A couple of days before Amélie’s eye appointment I received a very welcome phonecall.  One of my best friends was in the country for Christmas.  I hadn’t seen Fabian since my wedding over 9 years ago and thus I had never met his son and he had never met the Baguettes.  This needed to be rectified.  Fabian had a pretty full on schedule on his visit and we had tried to meet up with one of our other friends, Andy and his family but with the lead up to Christmas being such a busy time, we could not coordinate our three diaries to confirm a date.  Therefore we, reluctantly abandoned that notion and met with Fabian and his family individually.  Having Thursday off, worked well with Fabian so I drove to where he was staying and brought him back to Bagnall Manor for a catch up and introduction.

The Baguettes loved Fabian (he has a fantastic way with children) and his son soon came out of his shell and enjoyed playing with the Baguettes.  It was good catching up with Fabian and it is the measure of our friendship that after 9 years we picked up where we left off and it could have been 9 days since we last saw each other.  I have promised that we will take the Baguettes to visit him in the Seychelles, indeed when Éowyn realised that it is warm all year round, she was packing her suitcase to go back with Fabian.  Perhaps they will believe me that they have tortoises that are big enough to carry them when they visit.  It was all too brief so we must promise to stay in touch more often.
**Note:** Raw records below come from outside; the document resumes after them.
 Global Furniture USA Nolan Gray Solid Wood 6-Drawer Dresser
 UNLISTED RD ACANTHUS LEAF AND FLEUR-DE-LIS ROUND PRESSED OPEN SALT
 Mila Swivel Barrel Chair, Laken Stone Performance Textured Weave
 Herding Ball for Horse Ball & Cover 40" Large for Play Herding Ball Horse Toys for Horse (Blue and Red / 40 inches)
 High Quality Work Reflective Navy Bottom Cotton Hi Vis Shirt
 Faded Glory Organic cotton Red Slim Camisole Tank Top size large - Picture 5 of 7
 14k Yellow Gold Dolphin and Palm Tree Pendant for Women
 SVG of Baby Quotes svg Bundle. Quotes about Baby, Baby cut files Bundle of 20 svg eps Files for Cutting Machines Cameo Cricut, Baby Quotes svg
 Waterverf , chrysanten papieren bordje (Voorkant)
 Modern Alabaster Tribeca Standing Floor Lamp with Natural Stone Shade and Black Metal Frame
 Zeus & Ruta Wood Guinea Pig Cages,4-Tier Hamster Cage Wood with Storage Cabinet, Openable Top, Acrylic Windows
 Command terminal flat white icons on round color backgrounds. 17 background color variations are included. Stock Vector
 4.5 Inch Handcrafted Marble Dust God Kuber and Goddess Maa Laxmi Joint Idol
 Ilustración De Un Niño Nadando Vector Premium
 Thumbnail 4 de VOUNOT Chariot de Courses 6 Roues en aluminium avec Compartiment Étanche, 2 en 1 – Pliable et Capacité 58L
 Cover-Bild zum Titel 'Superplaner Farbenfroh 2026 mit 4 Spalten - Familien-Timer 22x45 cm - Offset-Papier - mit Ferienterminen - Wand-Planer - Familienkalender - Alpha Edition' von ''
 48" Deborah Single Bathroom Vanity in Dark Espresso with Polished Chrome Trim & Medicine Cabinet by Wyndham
The weekend saw the Bagnalls plus Nanny head to one of our favourite haunts: Savill Garden.  There was a festive gingerbread man hunt and we thought it would be a good distraction for the Baguettes leading up to Christmas.  We parked in the newly expanded car park and saw a large old-fashioned carousel.  Ezra was not impressed and wanted not a jot of it but the girls did, so Lucinda took them while I stood with Ezra (and Nanny) taking photos.  The gingerbread man hunt was good fun with questions related to the plants that the gingerbread men (and women) were hiding behind.  It wasn’t too taxing and lasted just enough so that the Baguettes did not get bored.  Thwarted by how busy the café’s were, we had to head back home for lunch without filling up on cake (or indeed gingerbread men) – most disappointing.

After a busy couple of weeks the schools broke up and knowing that my shift meant that I would be working during the break between Christmas and New Year (everyday!) I decided to take the time off leading to Christmas so that I could spend some time with Baguettes and help get the house ready for Christmas.  But that is the subject of another post and so you will have to wait until next time to find out what happened then.

As I mentioned I always entitle this post with a Christmas lyric and I had chosen the title of this post before the untimely death of George Michael little did I realise that this would take on added poignancy on Christmas day itself.